The White House called Rosenstein in for a meeting last Tuesday, and while the press followed the former U.S. attorney for Maryland under George W. Bush into what seemed to be the end of his current tenure, Rosenstein was granted another meeting on Thursday for reasons unknown. The White House postponed the meeting until the following week, not wanting the Rosenstein story to overshadow Supreme Court nominee Brett Kavanaugh’s hearing.
Rosenstein has been under fire since early 2017, thrust into the national spotlight by Attorney General Jeff Sessions’s recusal from the investigation into Russian interference in the 2016 Trump campaign. Since that shocking announcement, Rosenstein has overseen the investigation along with Special Counsel and former FBI director Robert Mueller.

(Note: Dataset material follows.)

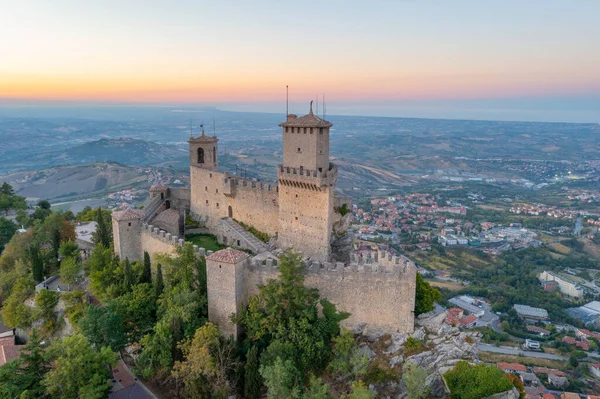 Guaita 'nın günbatımı manzarası - San Marino' nun Birinci Kulesi.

Republicans and right-wing media have, for more than a year, claimed that Rosenstein has withheld important information from the public and perpetuated a “witch hunt.” In July, a group of conservatives in the House took the measure of drawing up articles of impeachment for Rosenstein. Citing his refusal to hand over documents from the investigation, the idea caught steam before Paul Ryan stifled this effort by denying his support.
Democrats, on the other hand, realize that Rosenstein might be the only obstacle standing in the way of Trump firing Mueller and ending the Russia investigation. Democratic senators Kamala Harris and Corey Booker have sought to protect Mueller, to no avail, by labelling the investigation quasi-legislative; thus, Trump could not fire Mueller without Senate approval.
If Rosenstein finds himself out of a job next week, the implications could be catastrophic for Republicans; it will likely spark a political and media frenzy unseen since Nixon’s “Saturday Night Massacre,” and this will assuredly spill over into the midterms. The 2018 Congressional elections are perhaps the most important in recent memory, and anything to secure the House for the Democrats while also disrupting their thin majority in the Senate will signal disaster for Republicans. Rosenstein’s firing could mean Trump will find himself under trial in a year’s time.
If Rosenstein keeps his job next week, Mueller will continue his investigation unimpeded, save the occasional Trump tweet. The Special Counsel’s report, whenever it is released, will be another historic moment in a presidential term that seems to be full of historic moments.